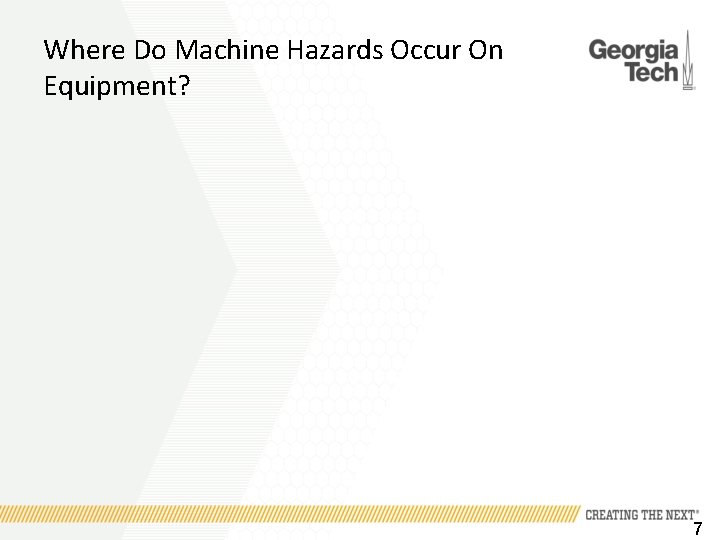 Where Do Machine Hazards Occur On Equipment? 7 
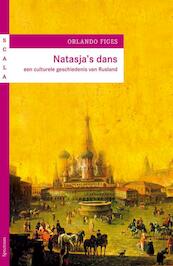 Natasja's dans - Orlando Figes (ISBN 9789049102739)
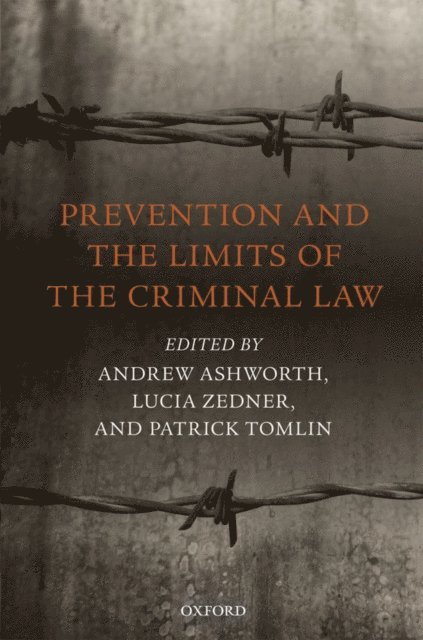 Patrick Tomlin, Lucia Zedner, Andrew Ashworth - Prevention and the Limits of the Criminal Law, E-bok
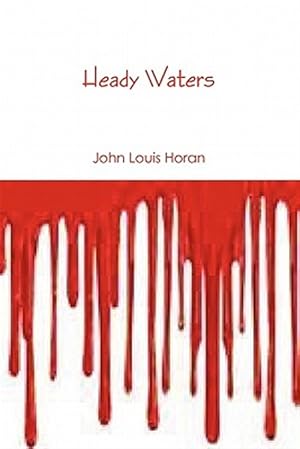 Seller image for Heady Waters for sale by GreatBookPrices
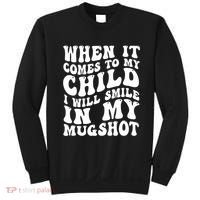 When It Comes To My Child I Will Smile In My Mugshot Sweatshirt thumb 0
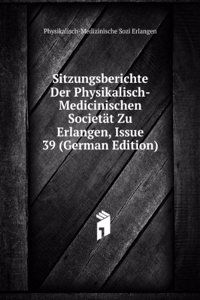 Sitzungsberichte Der Physikalisch-Medicinischen Societat Zu Erlangen, Issue 39 (German Edition)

What the exercise asks -> The copy you produce must match the entries above exactly, except that it has no pictures.

Solution for this exercise ->
 Where Do Machine Hazards Occur On Equipment? 7 
 Natasja's dans - Orlando Figes (ISBN 9789049102739)
 Patrick Tomlin, Lucia Zedner, Andrew Ashworth - Prevention and the Limits of the Criminal Law, E-bok
 Seller image for Heady Waters for sale by GreatBookPrices
 When It Comes To My Child I Will Smile In My Mugshot Sweatshirt thumb 0
 Sitzungsberichte Der Physikalisch-Medicinischen Societat Zu Erlangen, Issue 39 (German Edition)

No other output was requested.